● **EXERCISE INSTRUCTIONS**: Could you transcribe every record below exactly, leaving out the pictures?

TASK MATERIAL START

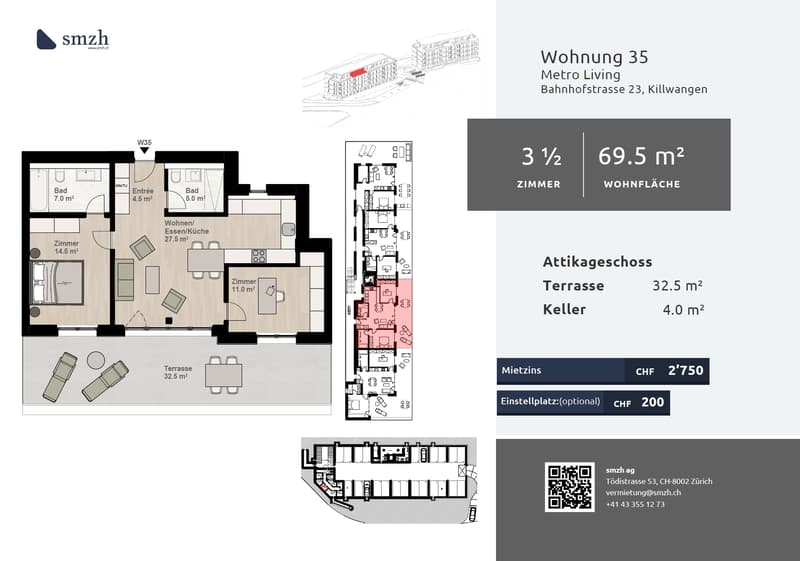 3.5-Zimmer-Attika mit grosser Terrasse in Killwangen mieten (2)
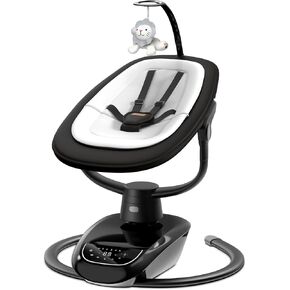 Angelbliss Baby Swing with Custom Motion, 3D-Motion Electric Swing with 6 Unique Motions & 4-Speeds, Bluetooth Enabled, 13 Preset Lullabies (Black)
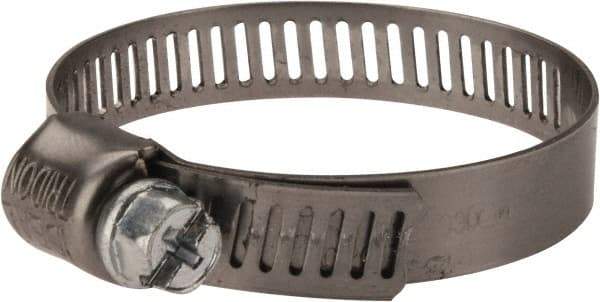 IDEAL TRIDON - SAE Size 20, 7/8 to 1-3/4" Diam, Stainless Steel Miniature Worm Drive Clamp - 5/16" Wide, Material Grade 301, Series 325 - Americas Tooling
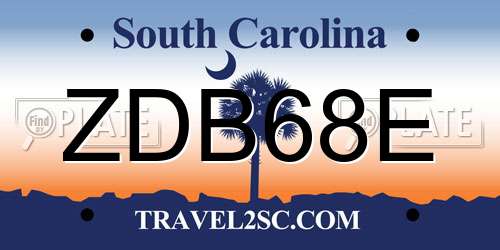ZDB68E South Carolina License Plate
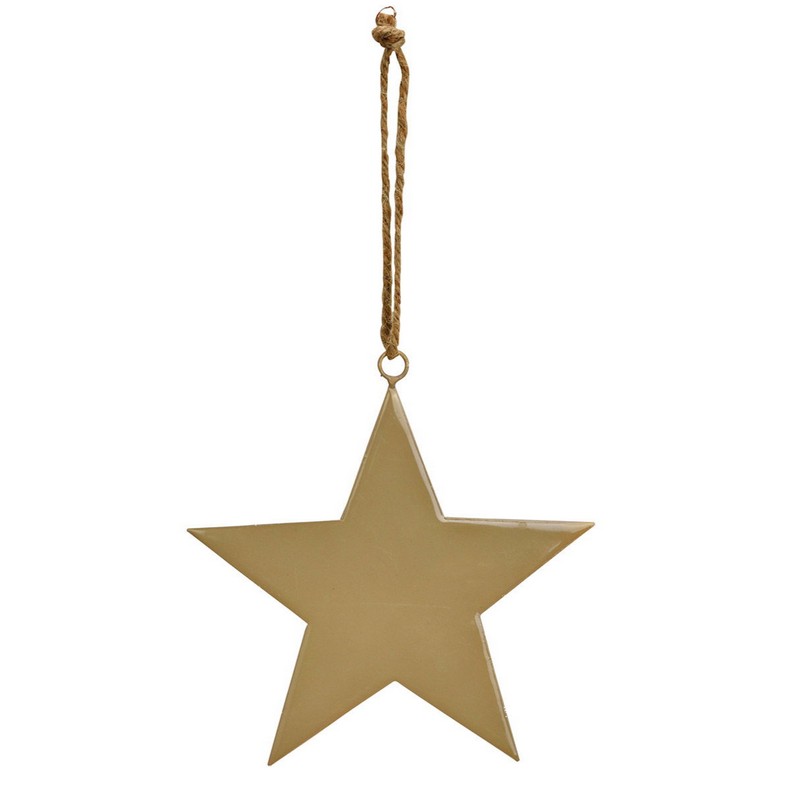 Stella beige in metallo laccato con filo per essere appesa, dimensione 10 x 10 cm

TASK MATERIAL END

● **ANSWER FOR THIS EXERCISE**:
 3.5-Zimmer-Attika mit grosser Terrasse in Killwangen mieten (2)
 Angelbliss Baby Swing with Custom Motion, 3D-Motion Electric Swing with 6 Unique Motions & 4-Speeds, Bluetooth Enabled, 13 Preset Lullabies (Black)
 IDEAL TRIDON - SAE Size 20, 7/8 to 1-3/4" Diam, Stainless Steel Miniature Worm Drive Clamp - 5/16" Wide, Material Grade 301, Series 325 - Americas Tooling
ZDB68E South Carolina License Plate
 Stella beige in metallo laccato con filo per essere appesa, dimensione 10 x 10 cm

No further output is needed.